Formula One:Ecclestone - F1's Napoleon with a Nose for Business

W460

Bernie Ecclestone started out as a simple second-hand car salesman and went on to transform Formula One into one of the most profitable sports in the world.

The 83-year-old British magnate's grip on F1 has remained utterly steadfast in the face of the German bribery trial which starts in Munich on Thursday.

Ecclestone has refused point blank to step aside despite the legal storm swirling around him.

He denies charges of bribery and abetting breach of trust in relation to a $44 million payment he made to former German banker Gerhard Gribkowsky, which was linked to the sale of Formula One's rights in 2006.

Although facing a possible prison sentence if found guilty the notion of F1 without Ecclestone sends shivers through the motor racing fraternity.
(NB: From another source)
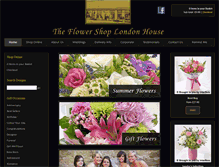 Tablet Screenshot of flowershoptain.co.uk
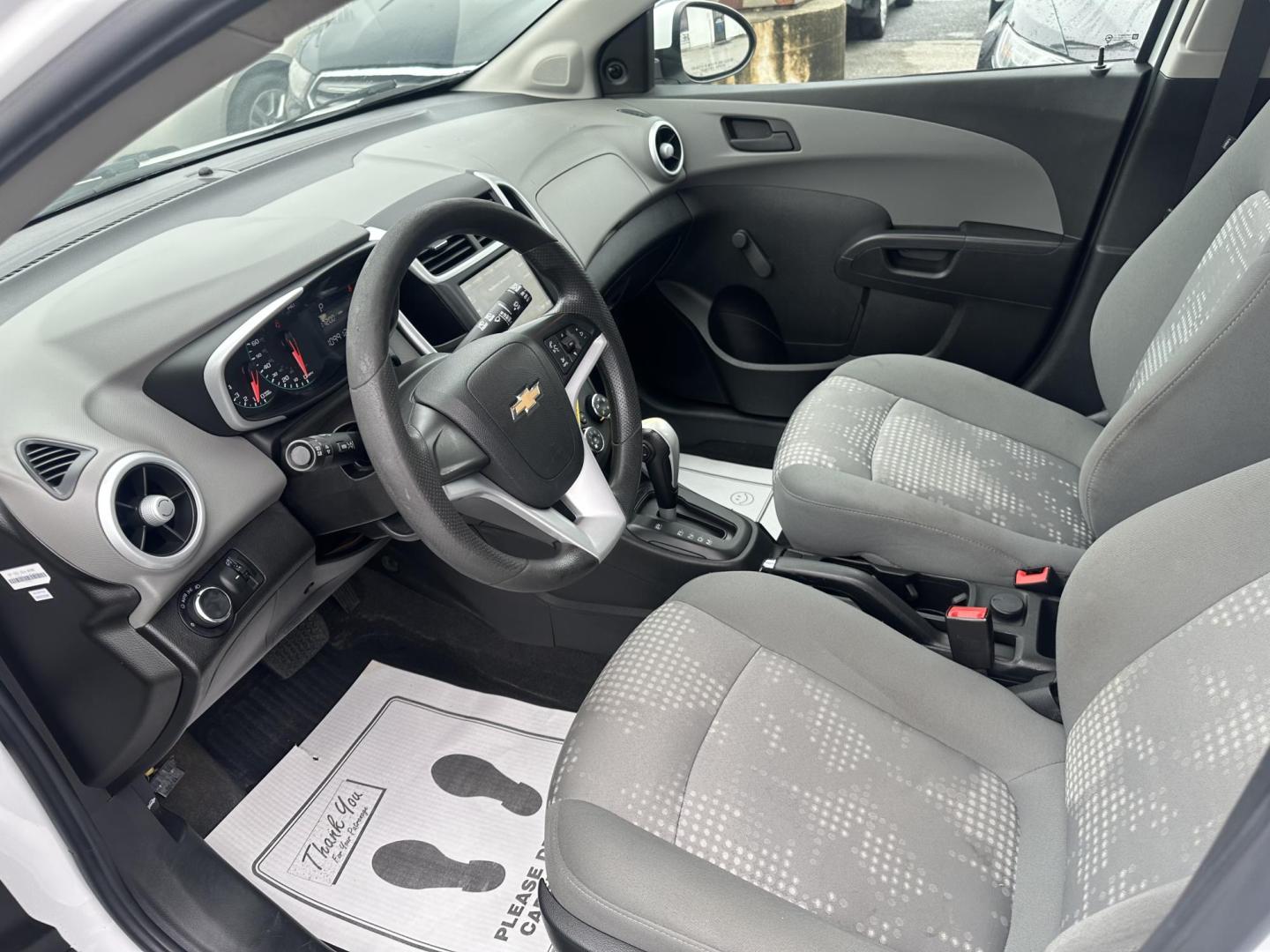 2018 WHITE Chevrolet Sonic FL Auto Hatchback (1G1JG6SG6J4) with an 1.8L L4 DOHC 24V engine, 6A transmission, located at 1254 Manheim Pike, Lancaster, PA, 17601, (717) 393-9133, 40.062870, -76.323273 - Photo#6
"F1 is what it is thanks to Bernie Ecclestone, to the way he has built this sport over the past 35 years," his compatriot Christian Horner, team principal at world champions Red Bull, said last year when asked about a possible succession.

"I think that without him we would have big problems."

Despite his advancing years, Ecclestone brushed off suggestions that he was soon to retire in typically pugnacious fashion before February's British High Court action related to the same case.

Insisting then that his legal woes would not lead him to resign he told German newspaper Bild. "I don't see why I should do that, I will do what I have always done: keep working and do my job."

 

- $3.8 billion fortune -

 

Dubbed "Napoleon" due to his 1.63-metre (five foot, four inch) stature and firm control over F1, Ecclestone was valued by Forbes magazine at $3.8 billion in March 2013, making him one of the richest 500 people in the world.

He is no stranger to controversy.

He was in the spotlight in late 1997 owing to a donation of 1.5 million pounds ($2.3 million, 1.75 million euros) to the British Labour Party of then prime minister Tony Blair, which subsequently authorised the continued use of tobacco advertising by the sport. 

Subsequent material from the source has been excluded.